![](images/16-ph-forez-pittoresque.jpg)
Bandeau illustrant "Le Forez pittoresque et monumental",
imprimerie de A. Waltener et Cie, Lyon, 1889.
Félix
Thiollier
Le Forez Pittoresque,
un ouvrage monumental !
Publié en 1886, le
"Forez Pittoresque et Monumental" est rare, lourd, beau, et
surtout précieux... Le livre de Félix Thiollier fait aujourd'hui
partie du patrimoine forézien au même titre qu'une église
ou un château.
Félix Thiollier,
photographe de la première heure
Son auteur, Félix Thiollier,
né en 1842, est issu d'une famille de la petite bourgeoisie stéphanoise.
Il achètera plus tard la commanderie de Verrières près
de Saint-Germain-Laval. Archéologue amateur, c'est surtout un
photographe de talent. Il pressent tout l'intérêt de cette
technique nouvelle. Durant ses
pérégrinations, il accumule des milliers de clichés
de monuments et de sites foréziens.
En 1886, grâce à ses
précieux documents, il réalise avec le comte de Soultrait
une belle monographie : La Bastie d'Urfé et ses seigneurs (1886).
Excellente idée car le château est alors dans un triste
état, menacé de destruction totale. La publication aidera
à le sauver.
La société historique
la Diana est alors en pleine renaissance après la crise de 1870.
Félix Thiollier y rencontre tous les érudits foréziens.
Lors d'une réunion de dianistes, le 6 décembre 1886, il
fait état du projet d'un "album forézien". Cela
lui permettrait d'utiliser les nombreuses plaques qu'il a réalisées.
Certaines ont plus de vingt ans. Il craint qu'elles ne s'abîment
et qu'il ne puisse laisser à ses héritiers que du verre
blanc "tout juste bon à fabriquer des serres". Ces
photos présentent pourtant de l'intérêt car, précise-t-il,
les deux tiers des monuments représentés ont déjà
disparu.
Un vrai travail d'équipe
Félix Thiollier entreprend
alors son grand oeuvre. Ce sera "Le Forez
Pittoresque et Monumental" en deux volumes.

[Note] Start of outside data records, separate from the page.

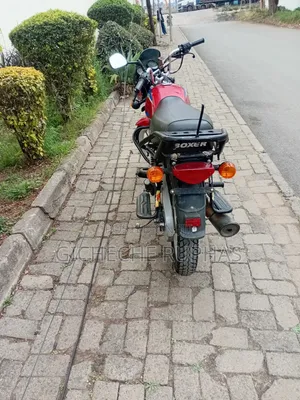 Bajaj Boxer 125 2025 Red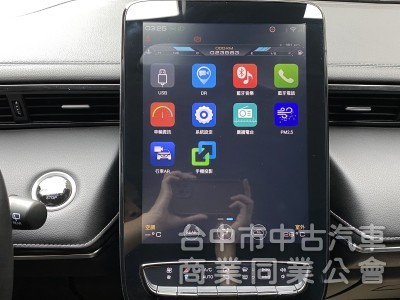 2021 Luxgen URX 7人健康樂活版　伸縮斜坡板／7人座／ACC／環景／腳踢尾門／抬顯／出遊福祉都能用！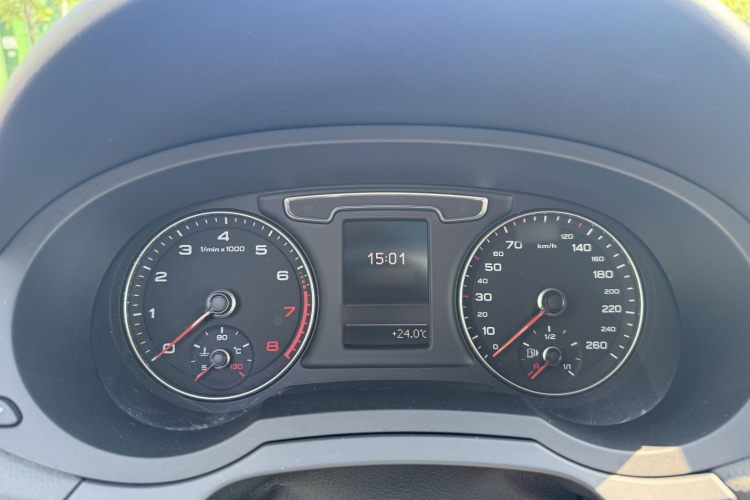 Audi Q3 2017 car image #24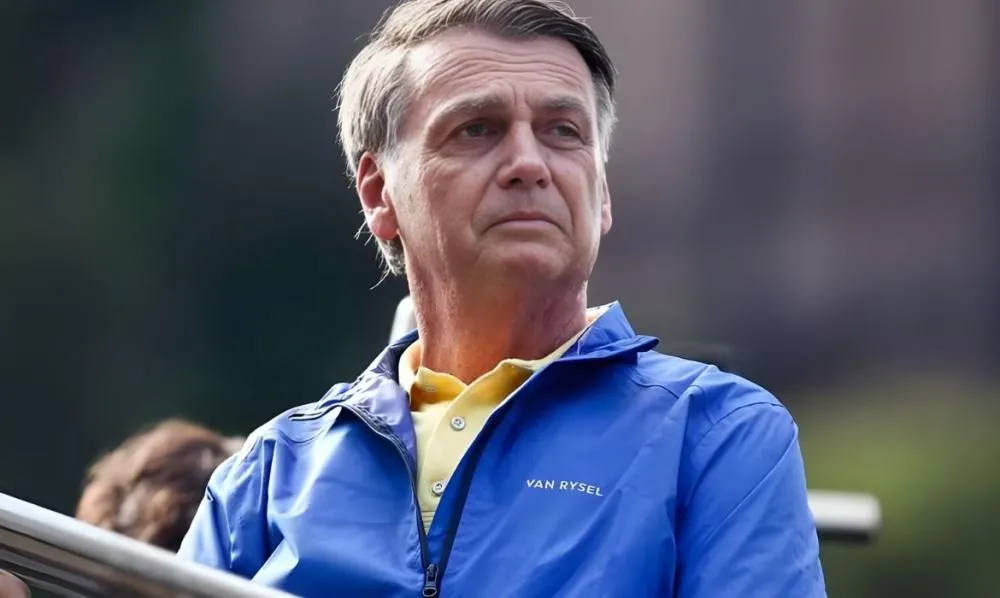Defesa pede mais uma vez por prisão domiciliar após queda de Bolsonaro e riscos à saúde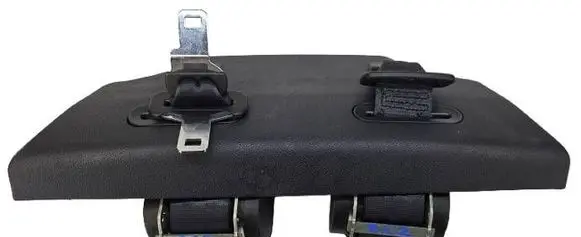Rear seatbelt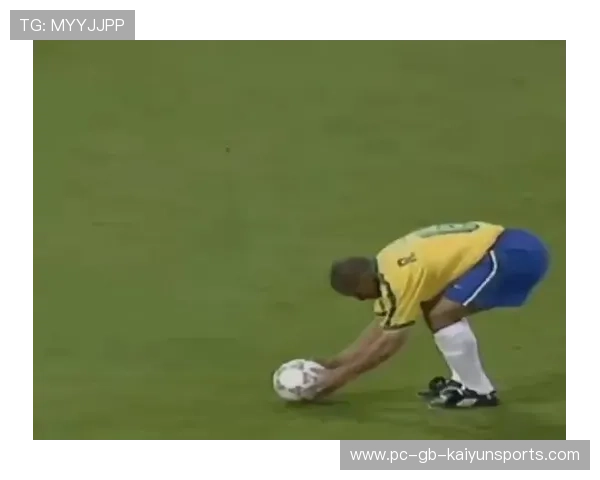 卡洛斯边路任意球速度刁钻:速度与精准的极致对决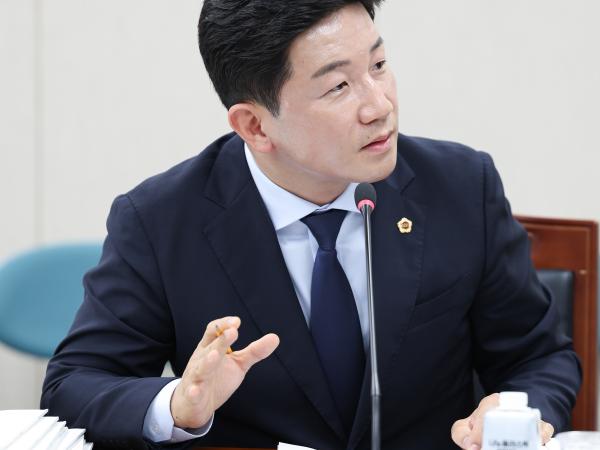 제393회 임시회 교육위원회 회의 첨부이미지 : 25년09월11일 제393회 임시회 교육위원회 회의 (47).jpg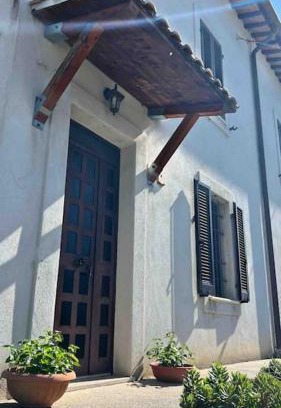 Narni Scalo Apartamento | Fresco e Colorato Appartamentino in Narni Scalo
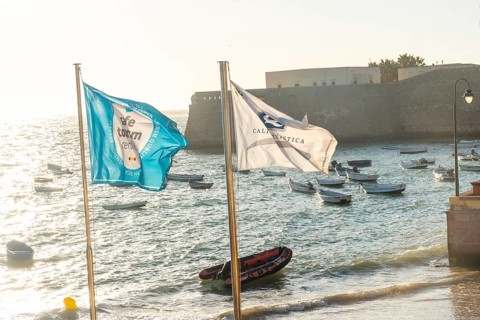 Quality waters at La Caleta beach in the city of Cadiz. Andalusia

L'archéologue
photographe a la bonne idée de s'entourer de nombreux collaborateurs.
Ainsi pour les textes : Éleuthère Brassart, le sénateur
Brossard, de Boissieu, G. Bulliot, Joseph Delaroa, V. Durand, E. Jeannez,
V. de Meaux, Noelas, T. Rochigneux, A. Steyert, P. Tardieu, Héron
de Villefosse, CP et P. Testenoire-Lafayette, A. Vachez... tous gens
très savants et sérieux.
La Diana est aussi très présente avec son président,
le vicomte de Meaux, le secrétaire, Vincent Durand et le conservateur,
Thomas Rochigneux... Les gravures sont l'uvre d'artistes confirmés
parmi lesquels Beauverie, Ravier, Gonnard, Grangier, Noirot, Meley,
Borel, Tardieu, Porcher, ... et surtout de Félix lui-même.
L'ouvrage est donc le fruit
d'un vrai travail d'équipe unissant tous les talents de la province.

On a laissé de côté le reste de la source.